When President Trump held up an easel in the White House Rose Garden illustrating each country’s “tariffs charged to the USA” and the new “USA discounted reciprocal tariffs,” there appeared to be some small print underneath the first column, barely readable. Then printed copies started to circulate the garden. Underneath the column showing each country’s “tariffs charged,” it read: “Including currency manipulation and trade barriers.”
It was clear that the figures published by the Trump administration were their interpretation of tariff calculations. It was also immediately clear that some countries were going to dispute the figures. But exactly what had been calculated was not immediately obvious. The picture is still hazy – but the details that are emerging could end up being the biggest hurdle today for the President and his cabinet, as they set out on a press blitz to defend their new tariff regime.
That’s saying something.
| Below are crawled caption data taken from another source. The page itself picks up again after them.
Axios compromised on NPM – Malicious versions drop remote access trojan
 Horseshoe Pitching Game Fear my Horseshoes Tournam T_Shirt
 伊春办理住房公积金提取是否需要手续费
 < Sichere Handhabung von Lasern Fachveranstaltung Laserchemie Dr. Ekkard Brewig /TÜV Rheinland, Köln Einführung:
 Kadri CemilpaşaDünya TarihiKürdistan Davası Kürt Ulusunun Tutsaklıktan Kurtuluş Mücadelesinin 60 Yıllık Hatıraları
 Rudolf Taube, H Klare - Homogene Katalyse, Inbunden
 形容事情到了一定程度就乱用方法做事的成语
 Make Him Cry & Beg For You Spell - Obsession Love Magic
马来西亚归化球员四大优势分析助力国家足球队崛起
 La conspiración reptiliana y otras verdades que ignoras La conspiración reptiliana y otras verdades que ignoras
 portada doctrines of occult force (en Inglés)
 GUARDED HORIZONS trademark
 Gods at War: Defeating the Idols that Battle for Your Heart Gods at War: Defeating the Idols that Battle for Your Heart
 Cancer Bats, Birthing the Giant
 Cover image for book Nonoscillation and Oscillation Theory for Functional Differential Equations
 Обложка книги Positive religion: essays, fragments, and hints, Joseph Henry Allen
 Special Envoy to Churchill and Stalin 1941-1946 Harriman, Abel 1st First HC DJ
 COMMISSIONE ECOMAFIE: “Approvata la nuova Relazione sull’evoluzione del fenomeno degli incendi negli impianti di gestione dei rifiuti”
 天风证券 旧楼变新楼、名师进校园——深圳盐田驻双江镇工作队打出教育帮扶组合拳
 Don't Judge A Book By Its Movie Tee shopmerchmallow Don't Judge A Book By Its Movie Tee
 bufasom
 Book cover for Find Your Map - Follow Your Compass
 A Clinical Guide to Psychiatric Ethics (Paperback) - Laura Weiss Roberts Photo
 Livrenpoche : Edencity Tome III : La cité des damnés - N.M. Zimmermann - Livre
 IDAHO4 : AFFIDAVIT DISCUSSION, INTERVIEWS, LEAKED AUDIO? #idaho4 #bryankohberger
Markets were expected to be the President’s first immediate problem. Early signs from Asia and Europe suggest investors are frightened, with markets plunging in Hong Kong, Shanghai and Tokyo while gold soared to another record high.
Trump will be hoping that clarity around the tariff calculations will create a little more confidence on Wall Street. But as the number-crunching continues, it seems possible that any confidence uptick from that clarity will be undone by scrutiny of the administration’s tariff calculations.
“All details aren’t clear as we write this, but Mr. Trump’s tariffs look ‘reciprocal’ in name only,” asserts the Wall Street Journal’s editorial board. The main critique: rather than offering up “kind,” “discounted” tariffs as the President has suggested, it appears he may have just turned the United States into the most protectionist country in the developed world. Economists and think tankers have assessed overnight that the tariff calculations are really trade deficit calculations: based not on the tax charged on imports, but the volume of trade between two nations. If the United States is importing more from another country – and so has a “trade deficit” with that country – the billions of dollars that deficit amounts to seems to better reflect the tariff listed next to the country’s name than the taxes on trade they actually collect.
The Tax Foundation in the US thinks it may have found the formula used by the Council of Economic Advisors to come up with the figures – though there is still some dispute about whether the calculations are exactly the same for each country, the weight goods and services imports have been given, and what else might be factoring in to the numbers listed formally on Trump’s spreadsheet.
It could be messier than has already been revealed. The New York Post reports an explanation of the calculations from a Trump aide, suggesting the numbers provided by the CEA are “based on a concept that the trade deficit that we have with any given country is the sum of all trade practices, the sum of all cheating.” This is reported to be “the most fair thing in the world.” But a definition of “fairness” that does not include transparency is going to be a lot harder for Team Trump to sell.
The lack of clarity doesn’t stop there. There are growing questions as to whether the second column, America’s “discounted tariffs” on foreign goods are the full picture. Asked on CNN last night if the 34 percent tariff on China was in addition to the previous 20 percent tariffs announced – taking the total to a 54 percent levy – the Treasury Secretary Scott Bessent responded, “I think it is.”
It would be good to know: especially considering the inflation risks. When asked if prices would go up, Bessent seemingly pivoted from the usual line that they won’t, responding instead that “they could,” then adding, “they don’t have to.”
The Treasury Secretary recounted Trump’s first term – when higher levies on Chinese, Canadian and EU imports didn’t seem to have a significant impact on the headline inflation rate. Those days don’t even qualify as a warm-up act to what was announced yesterday. Plenty of those tariffs were tossed out quietly, too, so their full effects were never fully realized. Might the same process happen again? “Let’s just see where we are,” said Beseent, “and then we’ll see how President Trump feels about all this.”
The chances of him feeling “not good” are less likely to increase with cries of frustration from abroad. Rather, denouncements from Europe could inspire the President to double down (the continued stoicism from the UK, by comparison, seems to have helped result in the lowest, 10 percent tariff issued). But a genuine threat of a price spiral is going to terrify Americans – many of whom voted for Trump on the promise that the cost of essentials would go down – and may well become the key factor to whether Trump changes course.
And that’s where the rest of the world comes in. During Trump’s speech in the Rose Garden, he repeatedly insisted that these decisions were not personal, hinting that lower import taxes abroad could result in lower taxes implemented by the United States. But that will require engagement, and some broad agreement on the real figures. What was produced on the spreadsheet is very unlikely to be the starting point for most other countries.